Most of the ABM work at the abstract end of the abstract-generalist region uses available theory to investigate the degree to which it can account for either observed or intuited social phenomena. Neo-Darwinian Theory and Economic Game Theory from of the bulk of this work. All of it assumes that society is a natural construct not that different from any other natural phenomenon. The use of theory and method derived from natural sciences, however, is not inherent to abstract-generalist approaches. There is no reason why someone might not use social theory, for example, as a framework for an abstract-generalist investigation. But such work seems to be nearly absent from the landscape, perhaps because of the interests and propensities typical of abstract-generalist workers. Vaneeckhout (2010), for example, begins a modeling effort which could easily lead to generalist-abstract simulation and which is based on Levi-Strauss’ (1979) theory of house society. Whitehouse et al. (2012) build a simulation around the theory of divergent modes of religiosity to understand transmission of religious beliefs. While both efforts deal with particular case studies, their aims are clearly generalizing, and the modeling approach is abstract rather than realist.

6 Conclusion

In some senses, the realist position in archaeological simulation is grounded in a worry that there is something unique and difficult to account for in human social organization. In its extreme formulations, this human exceptionalist position argues that nature itself is socially constructed by humans (see Holtorff 2000–2008 for an archaeological discussion). It reflects early and ongoing concerns that computer simulation cannot adequately capture a human element necessary to the social object. It is partly a reaction to the human exceptionalist critique of the use of natural science-like method and theory for the study of humans.
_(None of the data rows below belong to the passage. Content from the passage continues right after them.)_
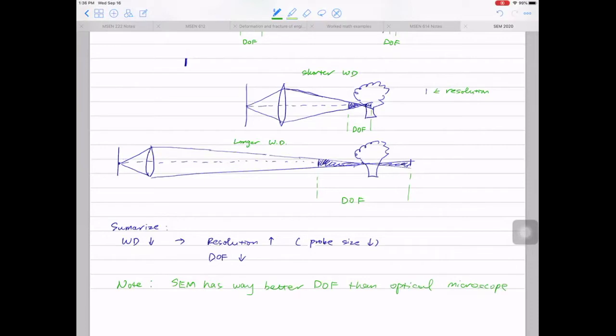In a few minutes when I show some slides, you'll see the difference — the same feature photographed using an optical microscope and then using SEM. Let me ask you: why does SEM, in most if not all cases, have way better depth of field than an optical microscope? Any guesses?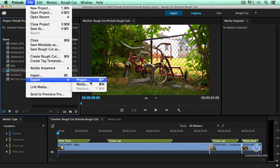This folder can then get transferred to a separate computer, a separate server, or loaded to a hard disk and shipped around the world, because it will contain both the Premiere project and all the related media.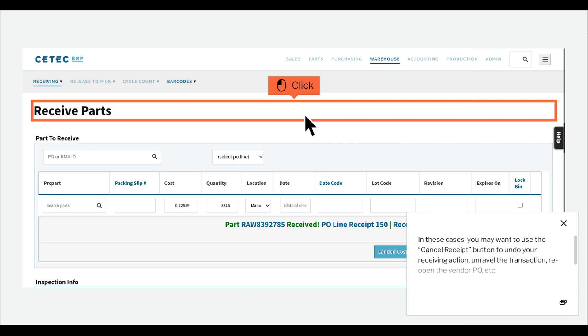In these cases, you may want to use the Cancel Receipt button to undo your receiving action, unravel the transaction, reopen the vendor PO, etc.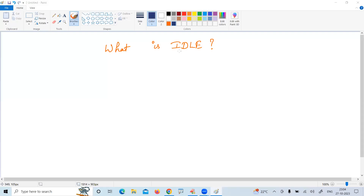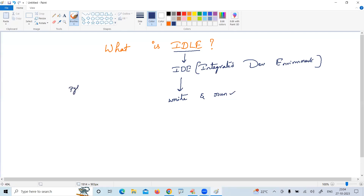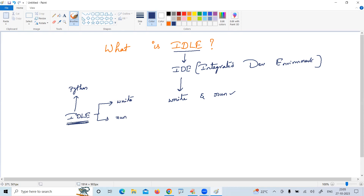IDLE stands for Integrated Development Environment. Using this software, we can easily develop and run Python programs. Whenever you install Python along with all its libraries, IDLE will be installed. If you want to write and run programs, it is easy to work with IDLE — it is simple and occupies very less memory.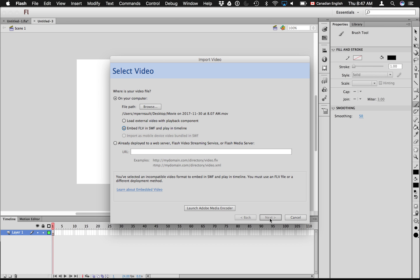But you'll notice, now I can't push next, and down here it says you've selected an incompatible video format to embed into an SWF and play in the timeline. So then what I have to do is there's this button here to launch Adobe Media Encoder. I push that.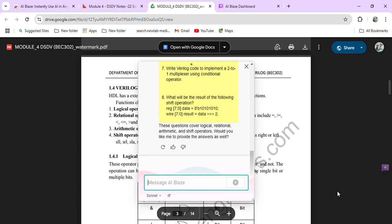And you can get a whole summary of this page. All this will come, and this is very helpful for you. If you are finding any topic difficult...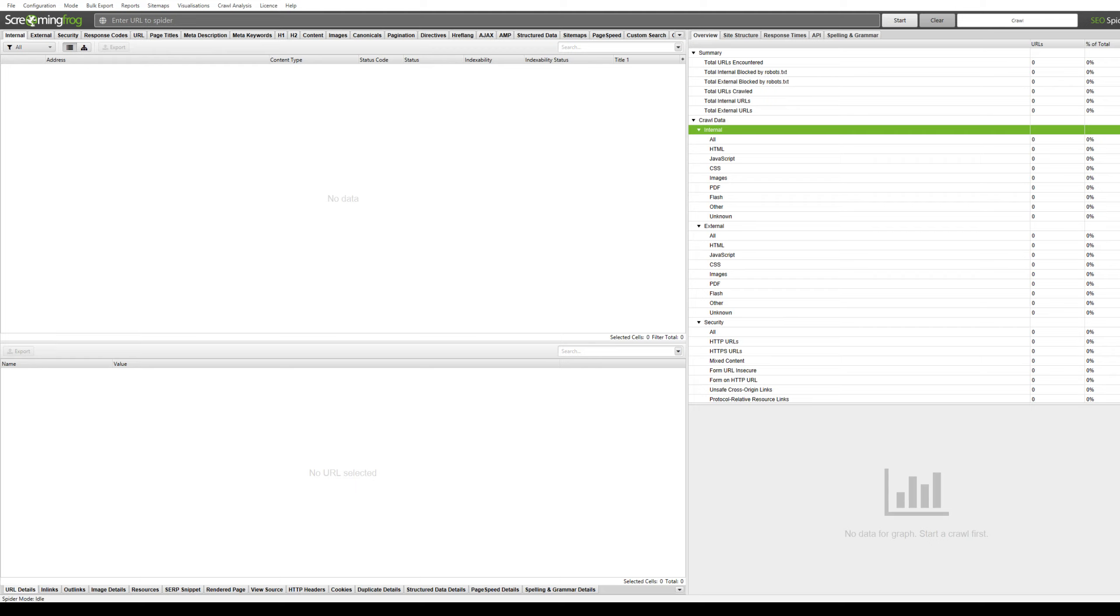There are two different ways that you can generate an XML sitemap. You can either use Screaming Frog or another online free tool that I will show in a second. I would recommend using Screaming Frog.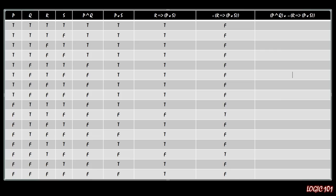Now we're at the last column: the disjunction of (P AND Q) with the negation of (IF R THEN P OR S). We're looking at those two columns and seeing where at least one of them is true. For the top four rows it's true because P AND Q is true there. For the rest, it's only true where the negation column is true — and that's only the case in two of the remaining rows.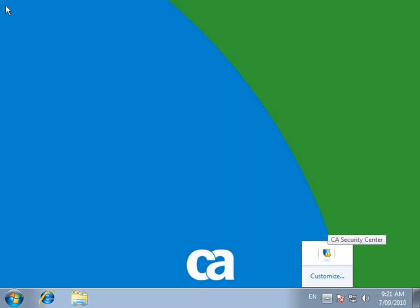Double-click on the CA icon on the taskbar at the bottom right, or right-click on the CA icon on the taskbar and select Home.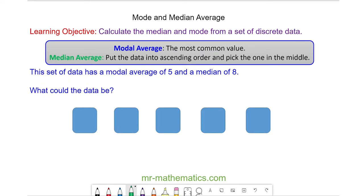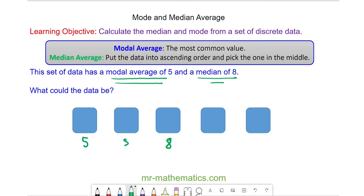Let's try one more question. In this question, we have a set of data whose values we don't know, but we do know the modal average is 5 and the median is 8. The median of 8 must be the middle value. Since the mode is 5, there must be more 5s than any other value, and because 5 is less than 8, the 5s must go on the left-hand side. The other two values can be any value greater than 8 but not repeated, otherwise it would change the mode — so we could have 9 and 10. These two values must be greater than 8 and cannot be the same.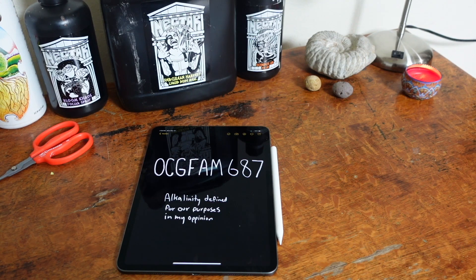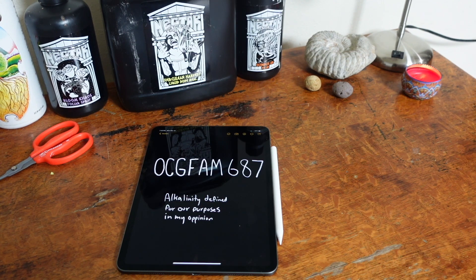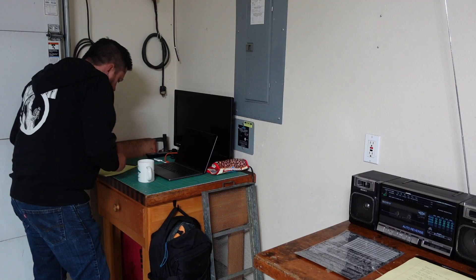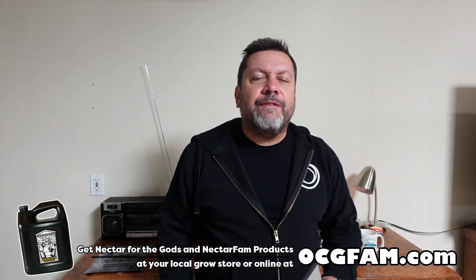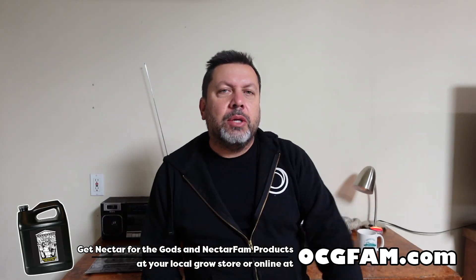It's the OCG Fam Show. Today we're talking about alkalinity, trying to get some clarity on this whole subject as it applies to Nectar for the Gods. Let's get started. Hey there. Bob from Oregon's Constant Gardener. Welcome to the OCG Fam Show, my YouTube buddies.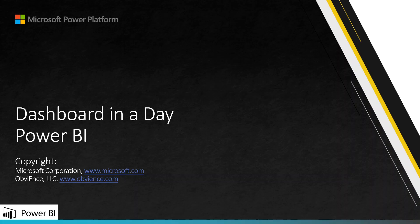Welcome to the Dashboard in a Day chapter, where you will learn to create your first dashboard in Power BI. This is based on educational content made available by Microsoft Corporation and Obviance LLC to promote the use of Power BI.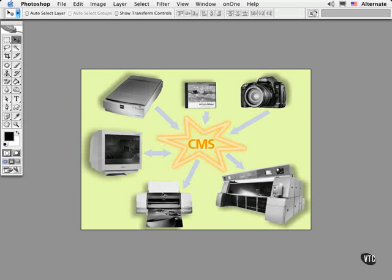Here we have some of the popular input devices, such as a scanner, a digital camera, and older files or stock art on CDs.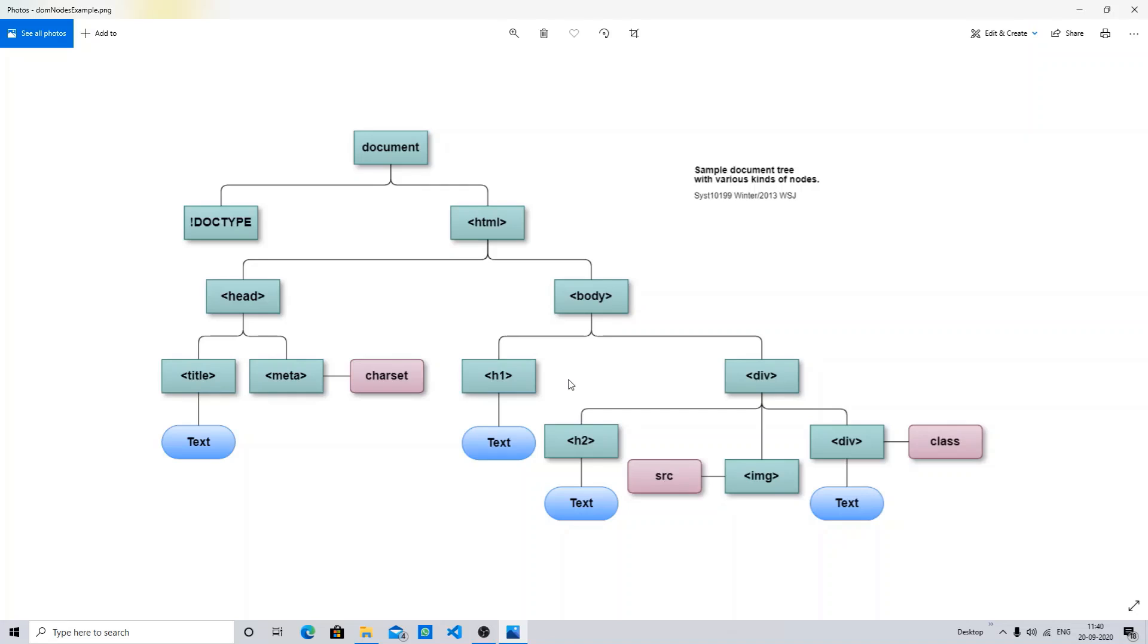And if I discuss about the model, when we load this object inside our web browser, then the DOM tree is created and we call this Document Object Model. So this is what our DOM tree is.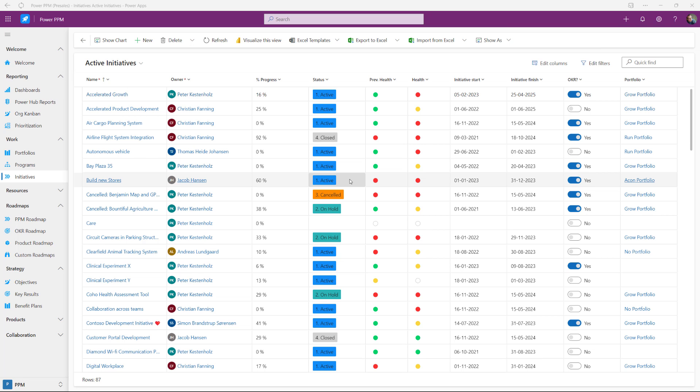In this video I'm going to explain how Power PPM is taking advantage of ChatGPT and AI to help improve the everyday life for project managers.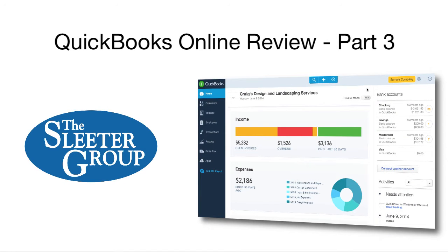Hello, I'm Greg Lam with the Sleater Group. This is part 3 of my review of QuickBooks Online, which I'll call QBO throughout the video.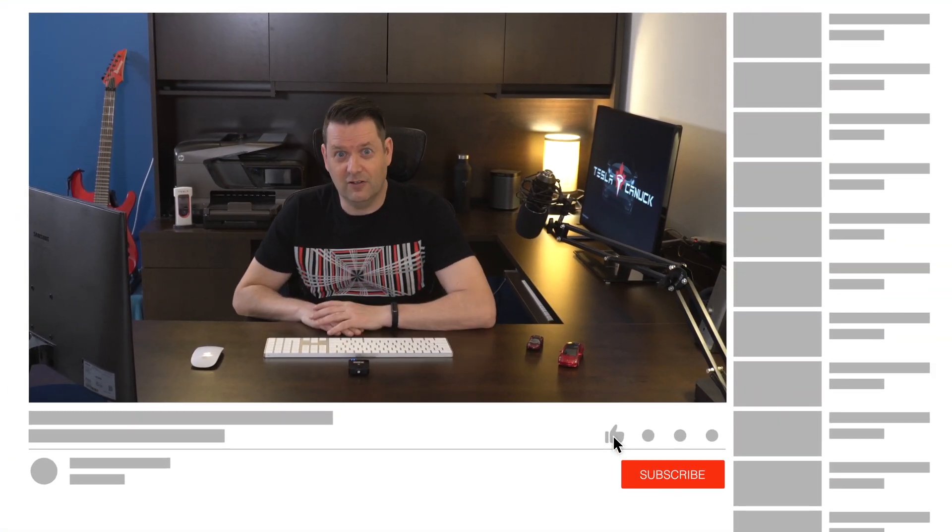Hey it's Tesla Canuck. Welcome back to another video. Today we're going to be talking about a recent announcement that Tesla made that they're going to allow Tesla owners to download some of the data that Tesla has been collecting on your vehicle.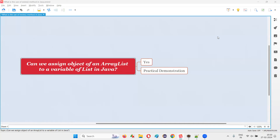Hello all, welcome to this session. In this session, I am going to answer one of the Java interview questions: can we assign an object of an ArrayList to a variable of List in Java? Let me answer.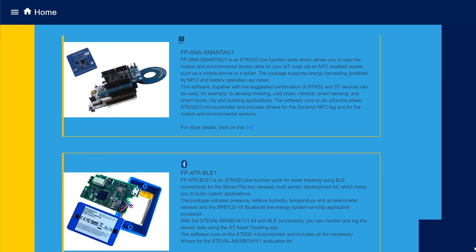We'd like here to highlight that this dashboard is compatible with the FunctionPack Sense SmartTag 1 running on the Nucleo hardware or on the FormFactor ST-NFC sensor.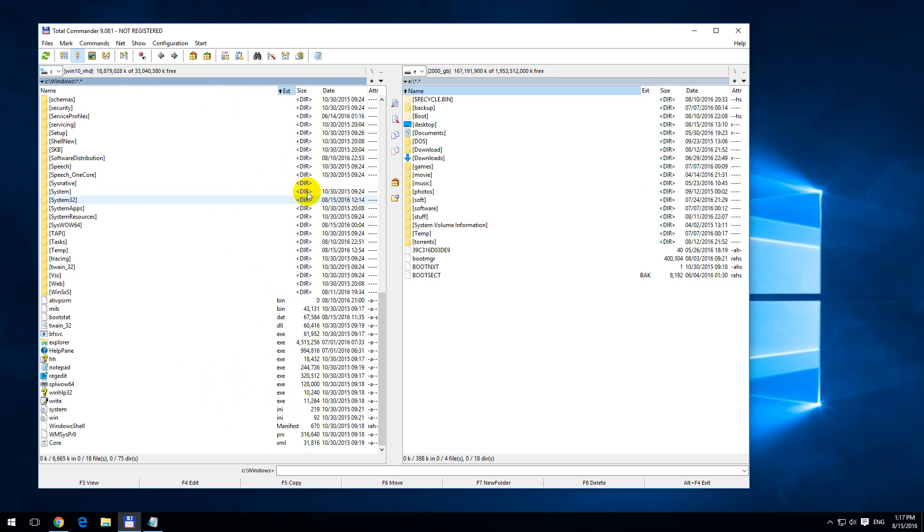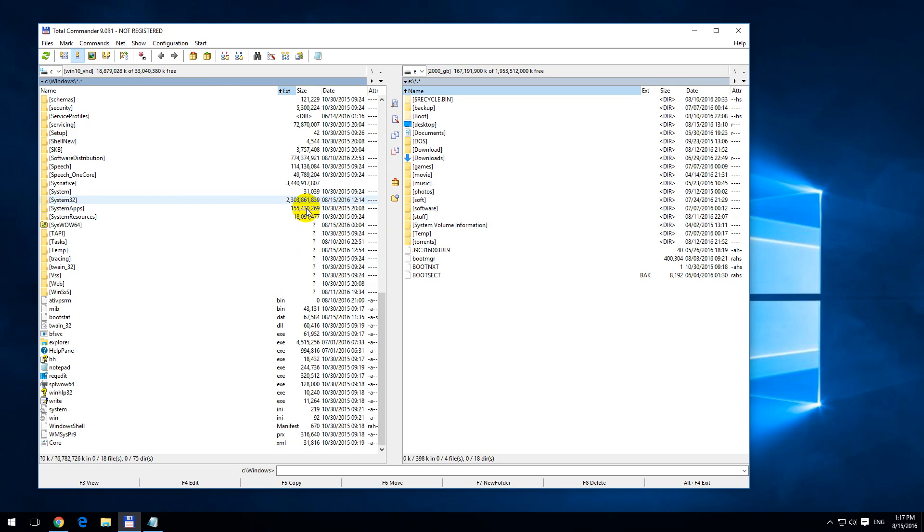So to display the folder sizes also, press on the keyboard Alt-Shift and Enter. Now we can see that the folder sizes are shown.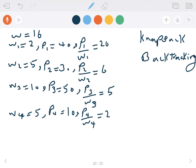The approach for solving the knapsack problem using backtracking is first sorting items by the ratio of value to weight. Here, p1 divided by w1 is equal to 20, and so on for the rest. So items 1 through 4 are sorted based on the ratio of value to weight.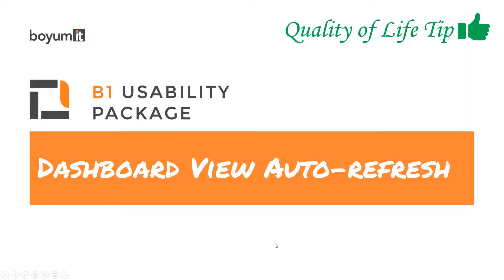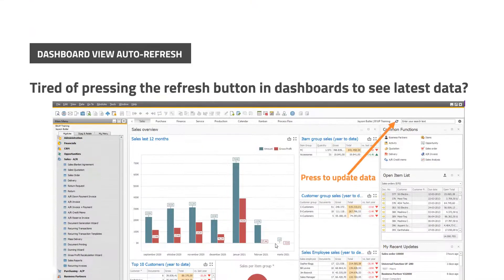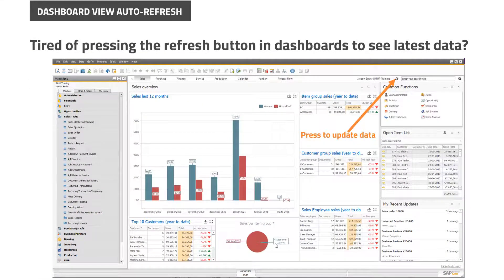How to do dashboard view auto-refresh in B1 Usability Package. So, are you tired of pressing the refresh button in dashboards to see the latest data? If you are,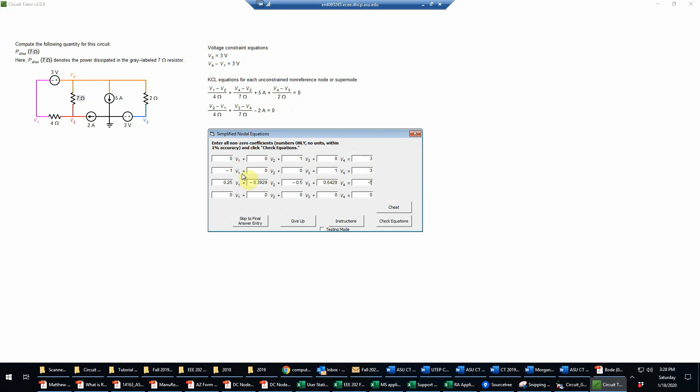Of course, we're suppressing the units here as we enter these numbers. For the last equation then, V1 has a just a coefficient of minus a quarter, so negative 0.25. The V2 term, I have one quarter plus one seventh, so that's 0.25 plus 0.1429 again, so that's going to be 0.3929, except now it's a positive number.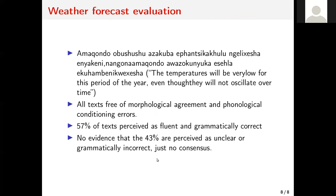We evaluated the text generated with those templates. Before we get to the evaluation, I want to show you what the text looks like. If you do not speak Isixhosa, you may not know what this means, but I have an English translation here. These are the sort of texts we were generating. I examined all of the texts that were generated and found that there were no texts with morphological agreement errors or phonological condition errors. If you are interested in what these mean, you can email me. Furthermore, one of the things we found is that most of the texts generated — 57 percent — were fluent and grammatically correct. The remaining ones were cases where there was no consensus between the evaluators, but if people are interested in why there was no consensus, please talk to me.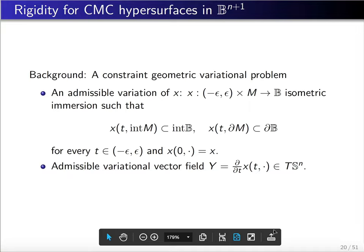In the second part, we applied the previous Minkowski formula in the ball to study the rigidity for CMC hypersurfaces in the ball.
The abstract position, on the other hand, expresses a conviction, at least until it can be rejected, that society is a natural construct. From that point of view, the demonstration is far from conclusive that human society is not the outcome of the natural processes that we observe at work in the evolution or the behaviour of other related species, or even of abiotic phenomena.

This is not a new debate. It was reflected in the mid-nineteenth century in the split between the Anthropological and Ethnological Societies in London. For Dunn (1861, p. 189) of the Ethnological Society, “The barrier is indeed impassable which separates man from the Chimpanzee”. For Wake (1872, p. 83), the Australian Aborigines can teach us about a time when, quoting Darwin, he thinks that our ancestors had “only doubtfully attained the rank of manhood”.

It is also reflected in the great controversies of the mid-twentieth century between, for example, Leslie White and the Boasians. For one side, cultural evolution could be described, if not quite explained, by energy equations. For the Boasians, humans required a more subtle treatment. It exists today in archaeological simulation in the form of the bifurcation between a realist school that continues to engage dirt-based archaeologists, and an abstract school that is increasingly speaking to more receptive audiences outside traditional archaeology, including physics, economics, evolutionary biology, and evolutionary psychology.

If the abstract position in archaeological simulation argues that human societies can be studied using the tools we have reserved for the study of the natural world, the emerging multispecies ethnography work discussed in the introduction seems to make the diametrically opposite claim that the natural world can profitably be studied using the tools we have so far reserved for documenting and understanding human societies. Does this herald a convergence of views between hard-nosed, simulation wielding evolutionary archaeologists and their free-spirited deep ethnography conducting anthropological cousins? This is an interesting question. It certainly opens up a new avenue for dialogue where such avenues have had a habit of closing over time.